Morrow v. McGregor

49 Ark. 67 | Ark. | 1886

Cockrill, C. J.

This is an action of replevin for a cotton gin and condenser, together with the gin house in which they are located. It is conceded that they are all personal property. The evidence is not set out, but only the court’s special finding of facts, which is as follows:

“That the plaintiffs in the suit below were the owners of said property, and that they became the owners by virtue of a sale made by the order and judgment of the Boone Circuit Court; that the sale was made at the court house door in the town of Harrison, in Boone county, as the court directed, and that the property at the time of the sale thereof was not present, but was at the town of Lead Hill, in said county, more than twenty miles away from the place of sale ; that the sale was afterwards reported to said Boone Circuit Court and was by said court confirmed; that soon after the sale aforesaid the sheriff selling the same placed the appellees in possession of the property and that the defendant was in the wrongful possession thereof at the time this suit was brought against him.”

Judgment was entered for the plaintiffs. The defendant has appealed and argues that the sale of the property through which the plaintiffs derive title is shown to be void because the property was not present for the inspection of bidders at the time of the sale.
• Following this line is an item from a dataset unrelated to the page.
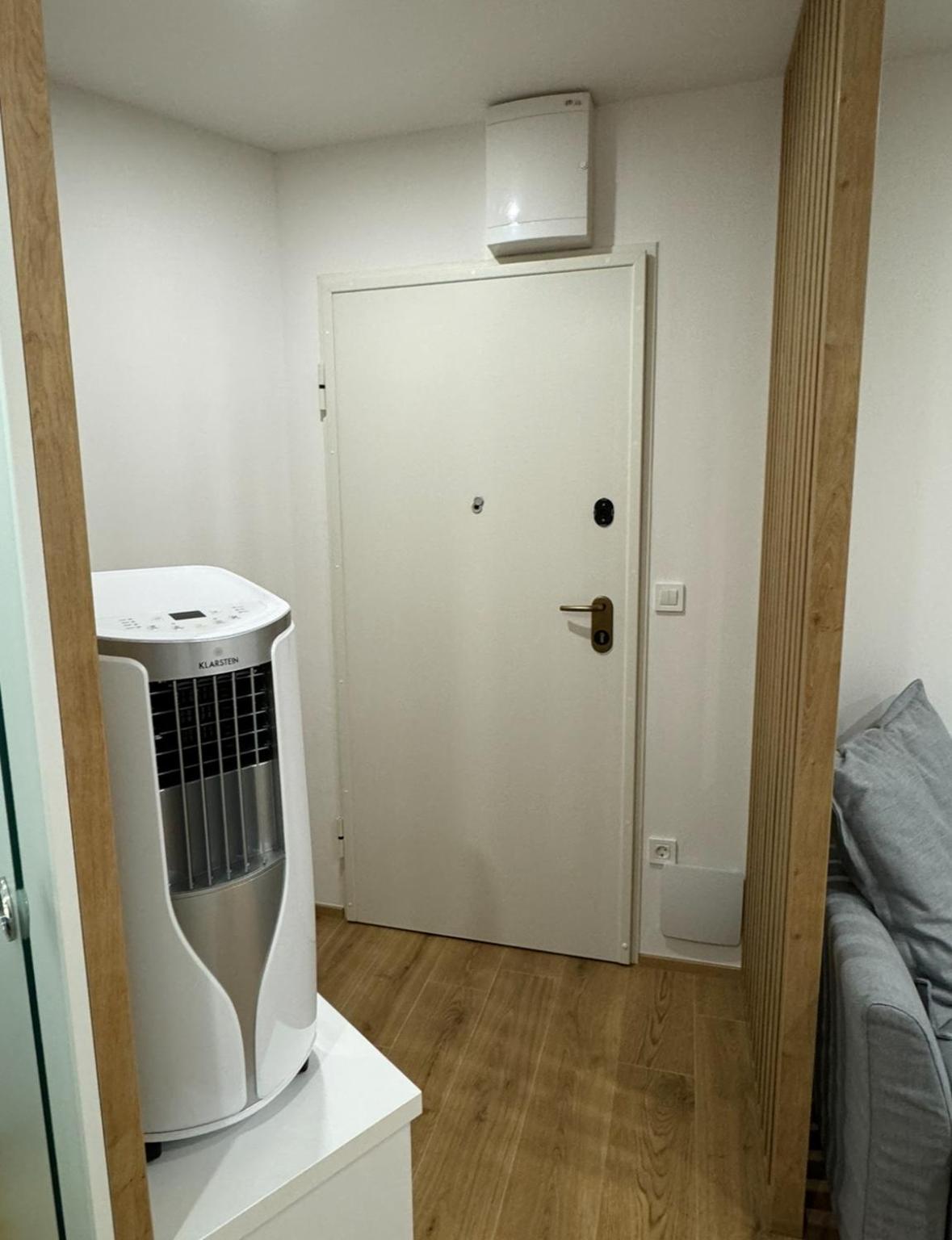 Apartma Tisa Bohinj-No Ouside Windows المظهر الخارجي الصورة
judicial sale: propfe?ety°ñot present. That an ordinary execution sale by a Sheriff or constable of personal property not present at the time of sale is void, was determined in Kennedy v. Clayton, 29 Ark., 270, and Rowan v. Refeld, 31 Ark., 648. But a Sheriff who has been appointed to execute a decree or order of sale acts by virtue of the order and not by virtue of the office of Sheriff, and the sale is the sale of the court when confirmed. Such is our understanding of the sale in this case, and there is but slight analogy, between it and a Sheriff’s ministerial sale under execution. In the former class of sales the time, place, terms and manner of sale when not prescribed by statute, are regulated by the court; the court is the vendor, the order of sale, like the order of confirmation, is a judicial act (Halleck v. Guy, 9 Cal., 181), and either or both will be made or refused as the law or justice of the case may require [Thomason v. Craighead, 32 Ark., 391), and like other judicial determinations the orders are not open to collateral attack except for lack of jurisdiction to make the order.

Excellent reasons may be given why personal property should be within the views of the bidders at a public sale, and it is therefore the policy of the law to require it; but we do not think it would be wise to carry this policy to the extent of declaring that it is so far beyond the power of the Chancellor to dispense with the presence of the property as to render the action of the court a nullity. The property involved in this case would ordinarily be fixtures (White v. Chaffin, 32 Ark., 59, 70; see Foster v. Mabe, 37 Am. Dec., n.), and it partook of the nature of real estate. The court in directing the sale probably concluded that the usual order for the sale of real estate would best subserve the ends of justice.

The finding of facts does not show that the order directed the Sheriff to sell in the absence of the property; but it shows that he was directed to sell at the court house door, and the nature of the property is such that it is improbable that the court intended that it should be moved for the purpose of sale, and this view is sustained by the subsequent confirmation of the report of sale.

Affirm.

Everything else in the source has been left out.